*What you need to do*:
Output the listing word for word, minus pictures.

==========

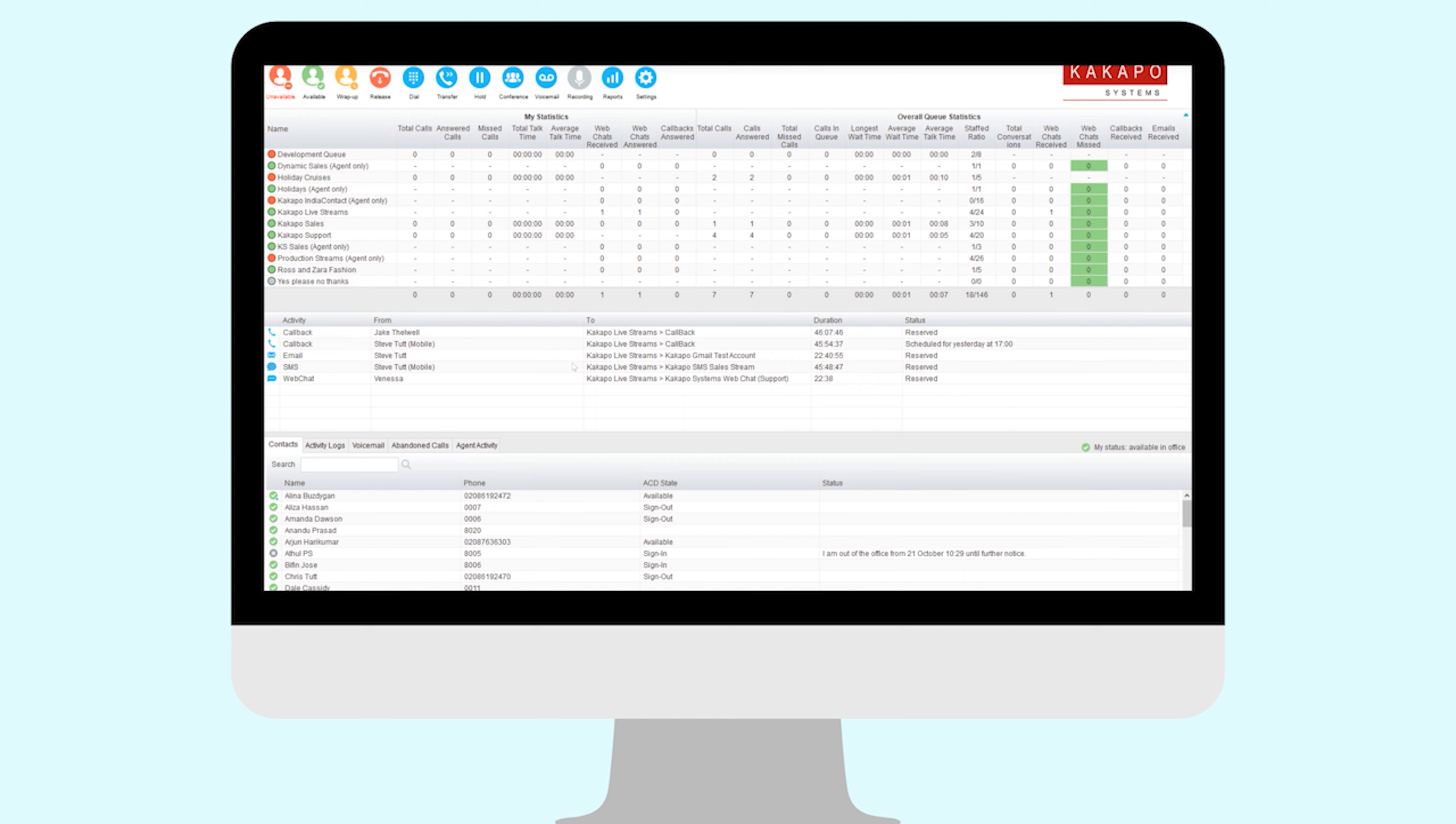Clearly when you're taking a call into a Broadsoft ACD queue, that's a real-time communication. The call is either answered by an agent or it can be overflowed, or the customer can abandon. If they're waiting in the queue and not getting picked up, they hang up the phone and that's an abandoned call.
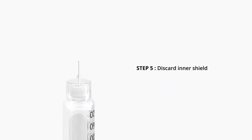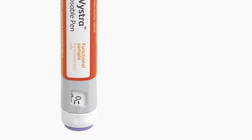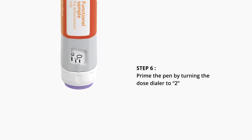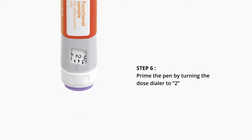Step 5. Discard inner shield. Step 6. Prime the pen by turning the dose dialer to 2.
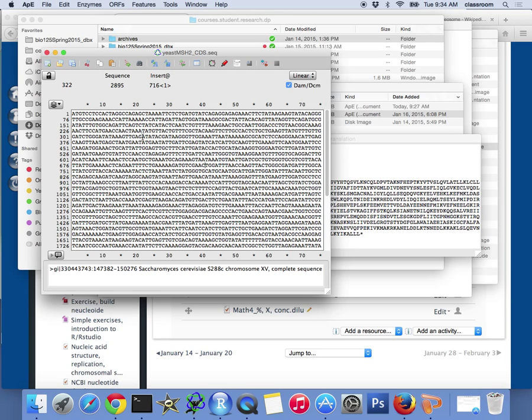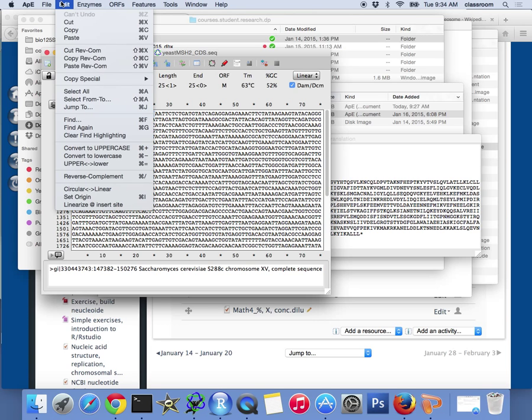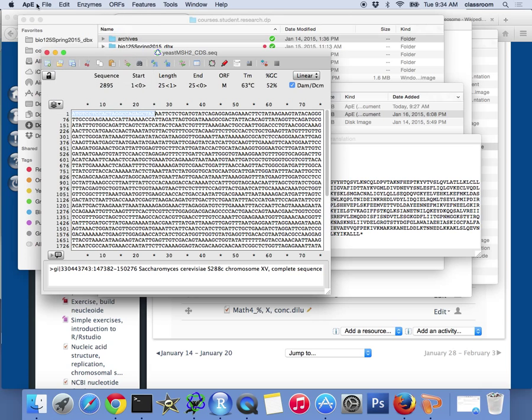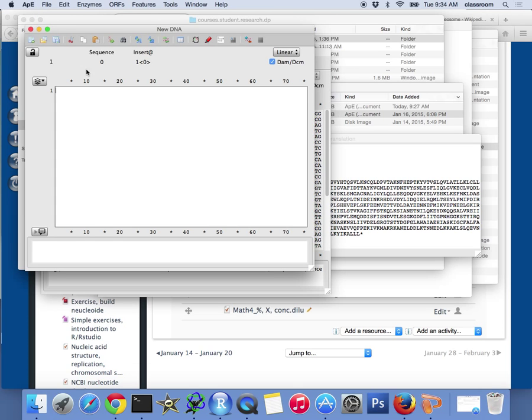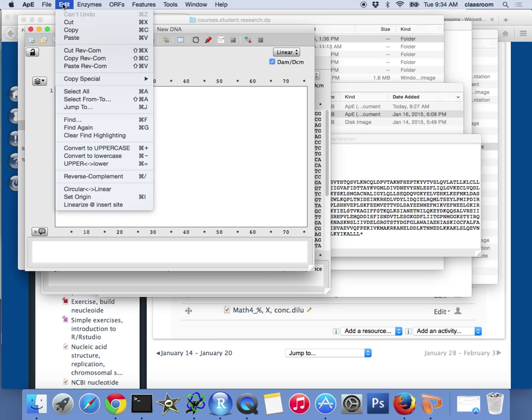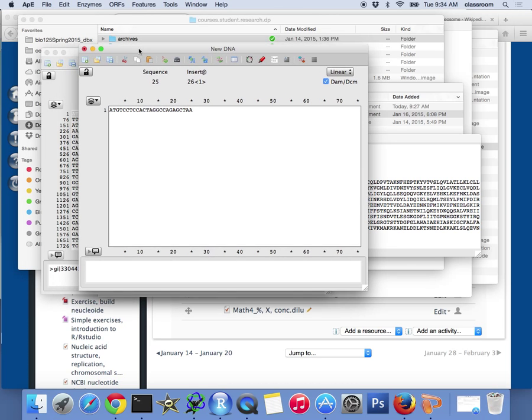I'm going to show you how to find the reverse complement strand of a DNA sequence. For simplicity, let's do a very short piece, about 30 nucleotides. I'll copy this, using Command-C on Apple. Then I'll say File, New, and paste this.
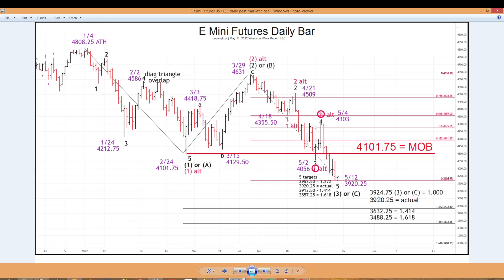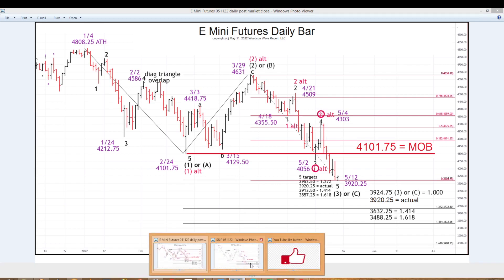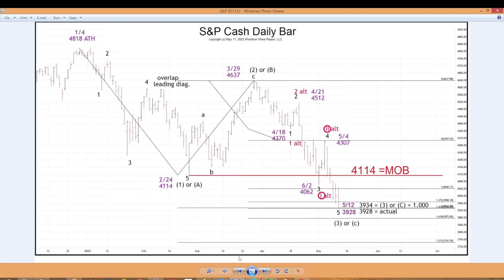There are the futures with the same alternate count, and we can look at the cash — same right there. So a long-standing target was met and surpassed by just a few points to the downside. Now we'll see if we get a move up that holds below 4101.75, or a move up that goes above it — which would be the first sign that the ABC decline is over and we're off to new highs. It ought to be interesting. Until next time, take care everyone.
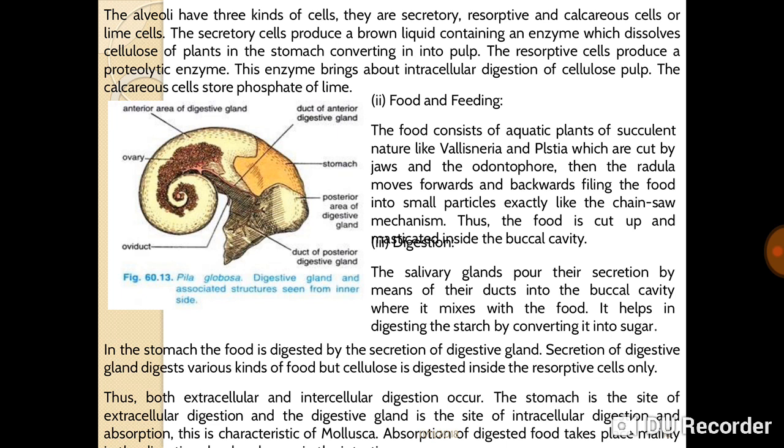The food and feeding of Pila: the food consists of aquatic succulent plants like Vallisneria and Pistia, which are cut down by the jaws and the odontophore. The radula then moves forward and backward, filing the food into smaller particles exactly like a chainsaw mechanism. Thus the food is cut up and masticated inside the buccal cavity.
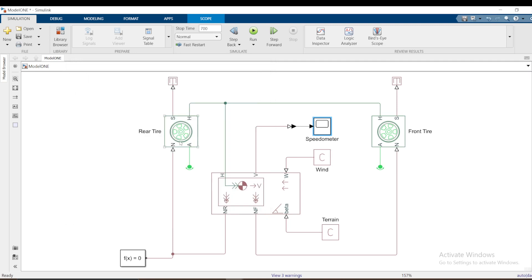That's our first video on modeling the vehicle body — this is a basic introduction. In the next video I'll go a little bit deeper until we complete this model. Thank you, stay tuned for more.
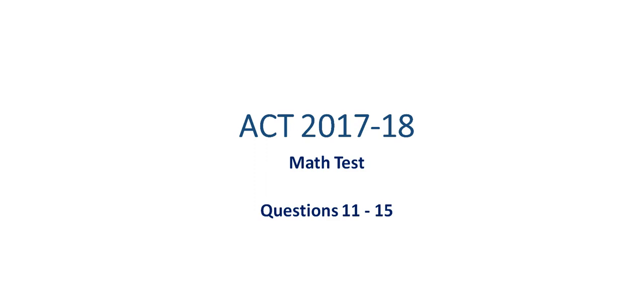Continue to look at the ACT 2017-18 math test, but here we're going to address questions 11 through 15.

==========

*Reply*:
Clearly when you're taking a call into a Broadsoft ACD queue, that's a real-time communication. The call is either answered by an agent or it can be overflowed, or the customer can abandon. If they're waiting in the queue and not getting picked up, they hang up the phone and that's an abandoned call.
Step 5. Discard inner shield. Step 6. Prime the pen by turning the dose dialer to 2.
I'm going to show you how to find the reverse complement strand of a DNA sequence. For simplicity, let's do a very short piece, about 30 nucleotides. I'll copy this, using Command-C on Apple. Then I'll say File, New, and paste this.
There are the futures with the same alternate count, and we can look at the cash — same right there. So a long-standing target was met and surpassed by just a few points to the downside. Now we'll see if we get a move up that holds below 4101.75, or a move up that goes above it — which would be the first sign that the ABC decline is over and we're off to new highs. It ought to be interesting. Until next time, take care everyone.
The food and feeding of Pila: the food consists of aquatic succulent plants like Vallisneria and Pistia, which are cut down by the jaws and the odontophore. The radula then moves forward and backward, filing the food into smaller particles exactly like a chainsaw mechanism. Thus the food is cut up and masticated inside the buccal cavity.
That's our first video on modeling the vehicle body — this is a basic introduction. In the next video I'll go a little bit deeper until we complete this model. Thank you, stay tuned for more.
Continue to look at the ACT 2017-18 math test, but here we're going to address questions 11 through 15.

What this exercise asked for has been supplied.